Les droits de l'homme contre les femmes.
Poursuivant sa grande enquête au cœur de l'exception politique française, Eliane Viennot aborde ici, après L'invention de la loi salique (Ve-XVIe siècle) et Les résistances de la société (XVIIe-XVIIIe siècle), la période cruciale qui va de la Révolution à l'Empire. Par l'étude de nombreux documents d'époque, elle montre que les femmes de ce temps, habitées par des modèles d'héroïnes que l'Ancien Régime n'avait cessé de célébrer, se sont investies dans la " régénération de la patrie " avec un enthousiasme identique à celui des hommes, qu'elles ont revendiqué haut et fort l'exercice des mêmes droits et qu'elles ont bien souvent réussi à convaincre leurs proches. Mais que les hommes au pouvoir, nourris de l'idéal rousseauiste de la " séparation des sphères " autant que d'Histoires de France vidées de toute référence faite aux femmes, n'ont eu de cesse de renforcer le " privilège masculin " – et cela quels que soient les désaccords existant entre eux.

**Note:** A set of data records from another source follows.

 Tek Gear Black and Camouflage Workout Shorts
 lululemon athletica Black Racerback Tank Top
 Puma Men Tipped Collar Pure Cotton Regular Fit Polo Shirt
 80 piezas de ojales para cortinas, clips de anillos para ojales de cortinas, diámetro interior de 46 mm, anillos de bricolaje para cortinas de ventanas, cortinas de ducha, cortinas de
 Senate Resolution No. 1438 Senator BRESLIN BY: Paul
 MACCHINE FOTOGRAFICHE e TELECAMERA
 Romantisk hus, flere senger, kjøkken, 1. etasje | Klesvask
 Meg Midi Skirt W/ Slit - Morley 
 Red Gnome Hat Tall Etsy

Mettant fin à des pouvoirs féminins séculaires, réservant la citoyenneté et les améliorations du système scolaire aux seuls hommes, ne pensant qu'à conforter leurs positions en légiférant sur le divorce et l'héritage égalitaire, travaillant à un Code civil garant des puissances paternelle et maritale, s'activant à faire taire les contestataires, ils ont jeté les bases d'un ordre masculin qui, sous couvert d'égalité, de liberté et de modernité, perdurera jusqu'à la fin du XXe siècle en essaimant dans une bonne partie du monde.